É corretto che si proceda definendo prima, con un atto di indirizzo di Camera e Senato – del resto era stata, invano, anche una mia proposta nella scorsa legislatura – non solo competenze prioritarie delle due Camere e numero dei parlamentari, ma anche la forma di Governo. É indispensabile che si chiarisca, senza nessuna ambiguità, se le forze politiche – non solo quelle di maggioranza – si ritrovino sulla proposta del comitato dei saggi voluto dal Presidente Napolitano: rafforzamento del governo parlamentare; non fiducia al governo ma nomina da parte della Camera del Primo Ministro; suo potere anche di revoca di singoli ministri; possibilità di chiedere elezioni anticipate; sfiducia costruttiva. Se Pdl o qualsiasi altro partito intendono invece proporre il semi-presidenzialismo, questo nodo va sciolto subito, eventualmente coinvolgendo i cittadini, senza che una tale opzione cali ancora una volta, a conclusione del percorso riformatore, come una mannaia che impedisca ogni esito positivo. Non sono sospetti: è quanto è avvenuto nella scorsa legislatura. La mia preferenza è per il Governo parlamentare forte. Tornando alla legge elettorale, è corretta la scelta di inquadrarla all’interno della riforma del Parlamento e della decisione sulla forma di governo. Non mi convince – è bene essere chiari per evitare guai – che il governo si proponga una manutenzione dell’attuale porcellum intervenendo intanto sul premio di maggioranza.

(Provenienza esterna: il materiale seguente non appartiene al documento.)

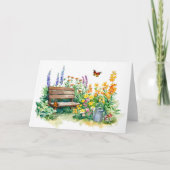 蝶と夏の庭 ノートカード (正面)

Il problema esiste ma è il porcellum nel suo insieme che risulta giustamente indigesto ai cittadini italiani e certamente al Pd. Se si opera un intervento a breve, anche per mostrare in concreto la volontà di cambiare, affidando successivamente al Parlamento, in un quadro organico di riforme, le norme elettorali definitive, allora la scelta da compiere è quella di ripristinare la legge Mattarella. É la mia convinzione, coerente con la volontà di quelle centinaia di migliaia di cittadini che avevano firmato per promuovere un referendum volto a farla tornare in vigore. Un’ultima considerazione: occorre mettercela tutta per sostenere con lealtà e impegno il governo Letta. Se la sua azione non fosse coronata da successo, sarebbe un disastro per l’Italia e inevitabilmente per il PD. Non sono utili però atteggiamenti tipo “non disturbare il manovratore”, versione più elegante ma uguale al “ghe pensi mi”. Sarebbe dannoso se nel governo emergesse una tentazione a voler dirigere i gruppi parlamentari dall’esterno, fosse anche sui temi di maggiore complessità e rilievo: un tale errore ci condurrebbe in un vicolo cieco. Forze politiche alternative possono collaborare per una fase, non essere subalterne l’una all’altra. Si eviti dunque di praticare quella strada: non è consigliabile per il governo, è certamente insostenibile per il PD.